## Exercise brief
From the data below, copy exactly the lines that lie between the one holding "this 1270×952 image." and the one holding "this 983×625 image.", including both, and nothing more.

## Supplied material
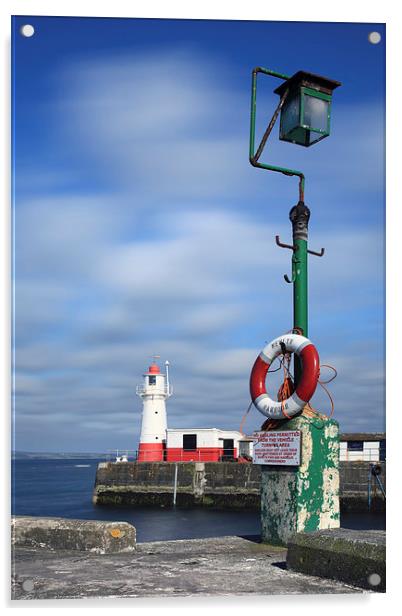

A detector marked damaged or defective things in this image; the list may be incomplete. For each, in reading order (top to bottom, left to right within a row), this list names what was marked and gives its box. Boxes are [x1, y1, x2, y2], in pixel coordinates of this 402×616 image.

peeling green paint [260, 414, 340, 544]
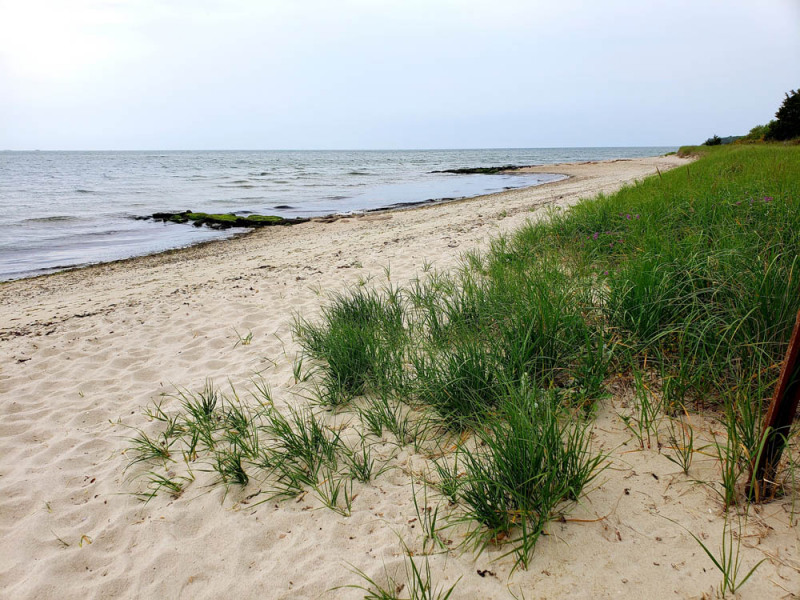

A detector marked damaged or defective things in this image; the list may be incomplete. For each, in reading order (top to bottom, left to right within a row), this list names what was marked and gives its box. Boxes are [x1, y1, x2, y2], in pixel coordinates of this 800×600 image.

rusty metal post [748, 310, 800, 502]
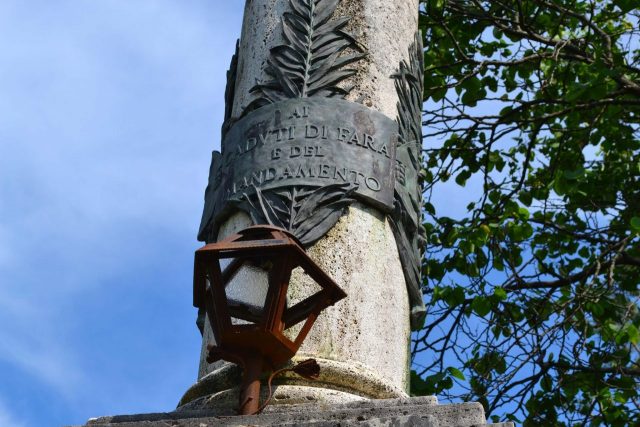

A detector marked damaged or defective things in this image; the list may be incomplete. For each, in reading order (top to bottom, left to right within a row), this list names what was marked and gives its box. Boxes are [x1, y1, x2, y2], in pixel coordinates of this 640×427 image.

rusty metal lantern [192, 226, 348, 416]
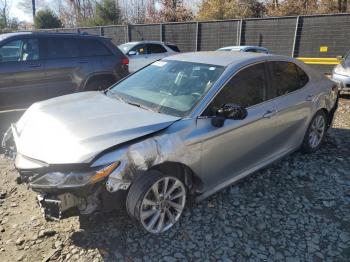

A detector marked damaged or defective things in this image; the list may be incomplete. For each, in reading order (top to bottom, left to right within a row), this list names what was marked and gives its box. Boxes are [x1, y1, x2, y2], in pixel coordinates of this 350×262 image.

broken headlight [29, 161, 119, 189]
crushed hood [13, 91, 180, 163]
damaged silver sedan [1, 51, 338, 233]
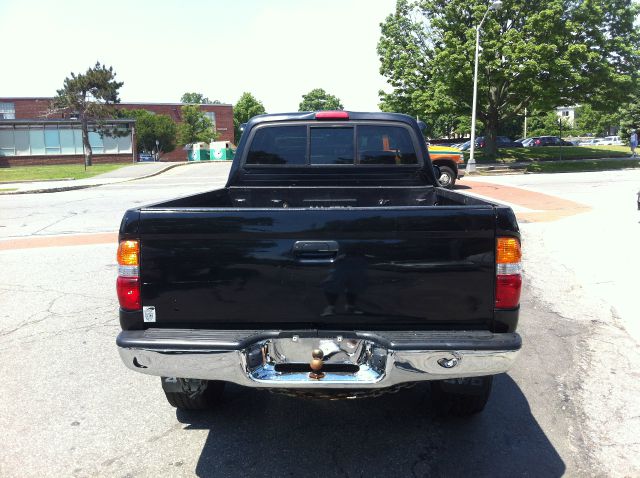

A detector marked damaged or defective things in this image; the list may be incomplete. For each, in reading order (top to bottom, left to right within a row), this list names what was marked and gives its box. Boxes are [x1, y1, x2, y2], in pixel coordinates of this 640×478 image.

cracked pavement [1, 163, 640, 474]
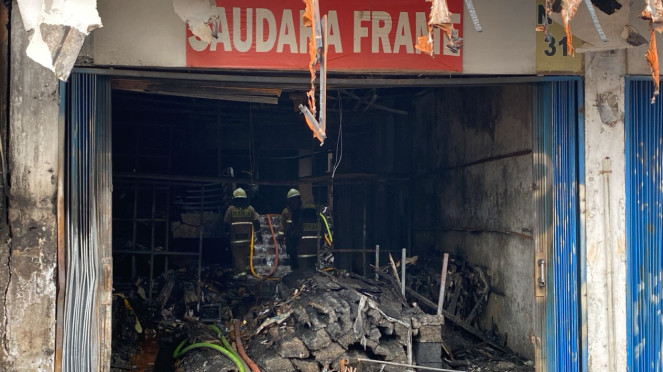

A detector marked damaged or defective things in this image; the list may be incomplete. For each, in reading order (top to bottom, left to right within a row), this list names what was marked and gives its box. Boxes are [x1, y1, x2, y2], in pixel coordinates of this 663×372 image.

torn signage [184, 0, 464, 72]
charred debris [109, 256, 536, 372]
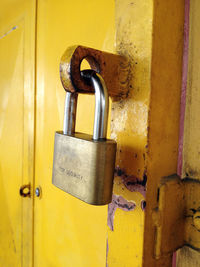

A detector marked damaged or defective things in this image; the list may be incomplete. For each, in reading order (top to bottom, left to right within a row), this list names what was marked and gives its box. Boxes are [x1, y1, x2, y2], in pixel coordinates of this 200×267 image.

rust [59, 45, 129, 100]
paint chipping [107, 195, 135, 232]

==

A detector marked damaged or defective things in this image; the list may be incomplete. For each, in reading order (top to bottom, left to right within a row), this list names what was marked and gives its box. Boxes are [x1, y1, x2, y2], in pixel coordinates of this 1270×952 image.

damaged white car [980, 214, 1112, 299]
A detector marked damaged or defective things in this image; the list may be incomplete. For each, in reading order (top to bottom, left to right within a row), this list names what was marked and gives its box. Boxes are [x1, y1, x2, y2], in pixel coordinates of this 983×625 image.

* * *

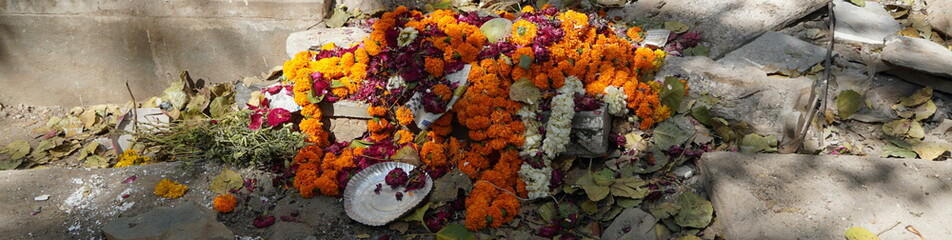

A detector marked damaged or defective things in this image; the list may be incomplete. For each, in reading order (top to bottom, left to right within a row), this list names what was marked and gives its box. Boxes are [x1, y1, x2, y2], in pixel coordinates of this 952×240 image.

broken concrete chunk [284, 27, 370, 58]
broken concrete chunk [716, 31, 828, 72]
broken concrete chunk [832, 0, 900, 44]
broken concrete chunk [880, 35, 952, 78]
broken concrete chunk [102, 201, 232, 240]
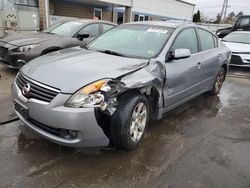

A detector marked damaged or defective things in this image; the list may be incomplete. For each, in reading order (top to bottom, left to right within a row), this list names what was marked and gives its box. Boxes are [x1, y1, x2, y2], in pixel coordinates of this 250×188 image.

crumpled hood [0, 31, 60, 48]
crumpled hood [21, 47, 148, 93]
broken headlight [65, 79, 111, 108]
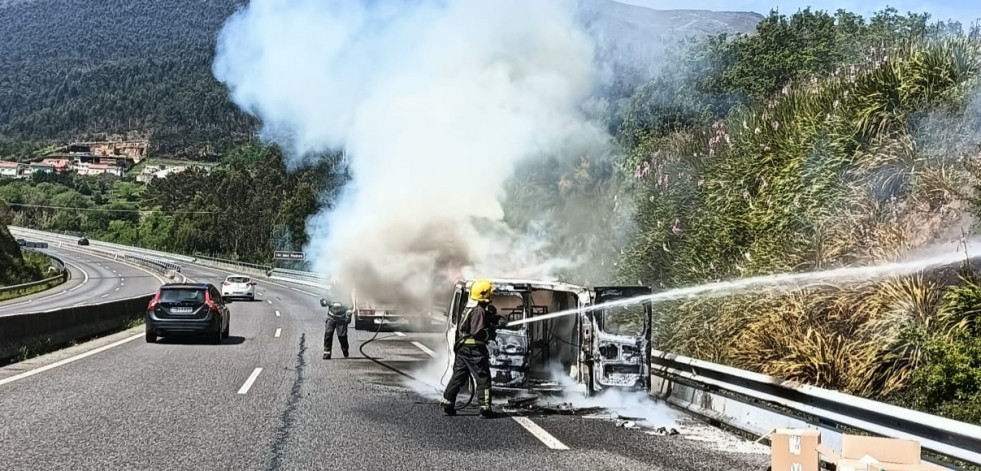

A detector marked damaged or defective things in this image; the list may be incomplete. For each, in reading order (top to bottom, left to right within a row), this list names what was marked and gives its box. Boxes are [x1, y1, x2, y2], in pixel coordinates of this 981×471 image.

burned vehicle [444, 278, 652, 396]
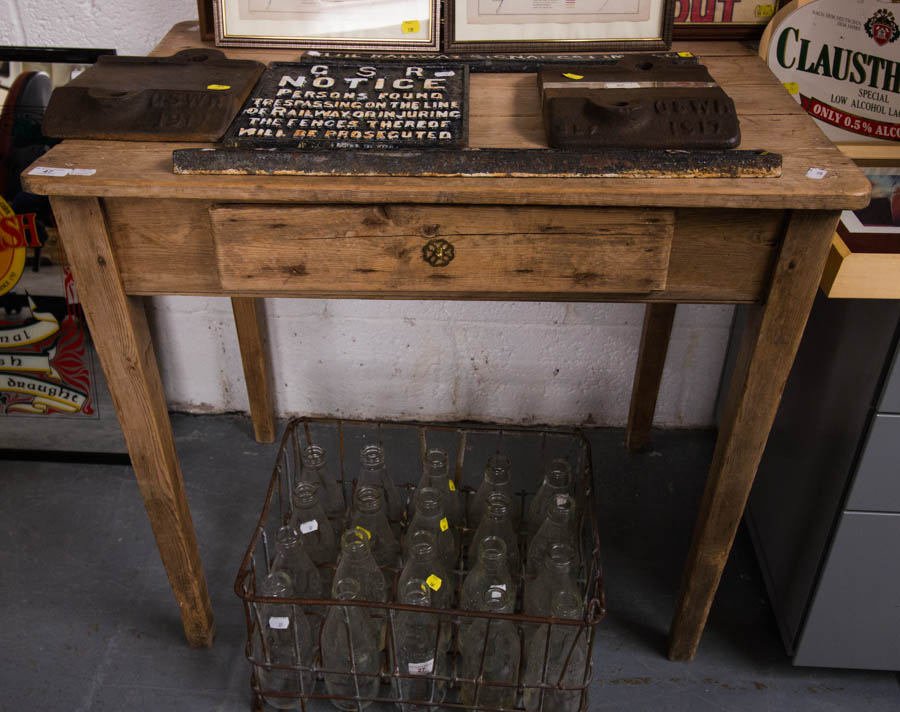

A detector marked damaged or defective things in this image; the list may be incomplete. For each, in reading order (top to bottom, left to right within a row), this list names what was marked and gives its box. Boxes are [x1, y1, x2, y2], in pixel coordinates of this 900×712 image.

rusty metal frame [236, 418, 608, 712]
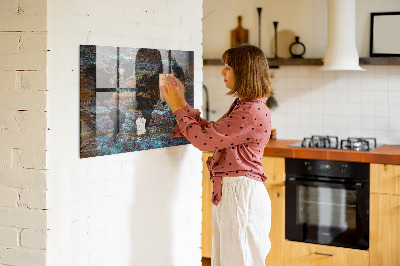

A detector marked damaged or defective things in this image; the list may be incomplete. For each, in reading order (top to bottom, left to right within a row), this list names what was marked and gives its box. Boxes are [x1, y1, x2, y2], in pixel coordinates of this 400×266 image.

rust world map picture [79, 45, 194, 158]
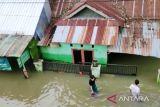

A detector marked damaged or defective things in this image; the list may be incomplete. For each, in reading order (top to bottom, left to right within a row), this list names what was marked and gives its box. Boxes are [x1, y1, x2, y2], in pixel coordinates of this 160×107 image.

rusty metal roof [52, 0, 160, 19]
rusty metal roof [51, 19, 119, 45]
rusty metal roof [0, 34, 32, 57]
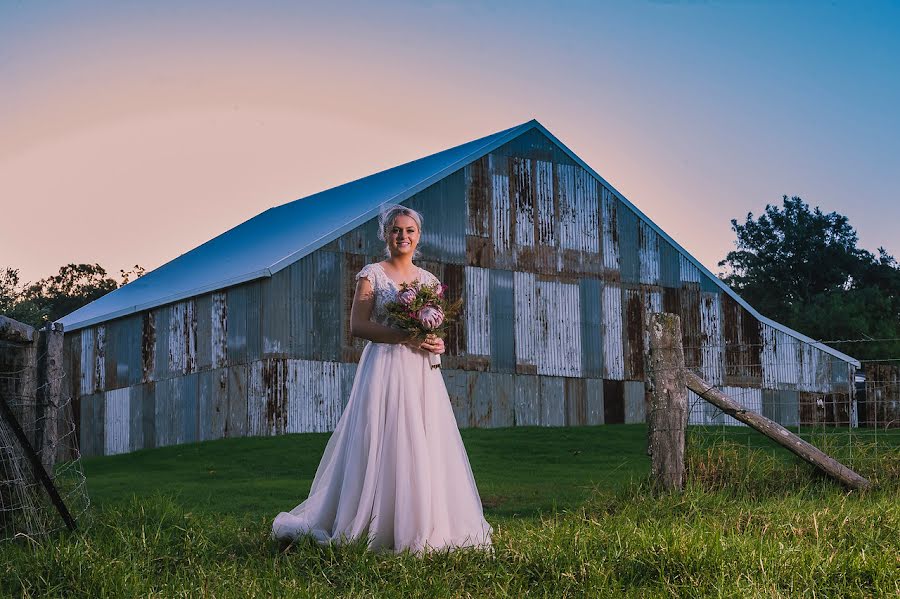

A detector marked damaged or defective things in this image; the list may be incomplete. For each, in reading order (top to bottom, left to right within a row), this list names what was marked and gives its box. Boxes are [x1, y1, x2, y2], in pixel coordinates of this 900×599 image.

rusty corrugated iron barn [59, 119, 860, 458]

## Answer section
A detector marked damaged or defective things in this image; the list may be incomplete. For each, in reading order (top to bottom, left to right within a row), this list names what was marked and gives its box. Boxes are [x1, y1, x2, y2], in pixel coordinates of this 1270×952 image.

damaged white car [980, 214, 1112, 299]
A detector marked damaged or defective things in this image; the list may be incomplete. For each, in reading order (top to bottom, left to right within a row), this list names what was marked and gives its box. Boxes are [x1, y1, x2, y2], in pixel coordinates of this 983×625 image.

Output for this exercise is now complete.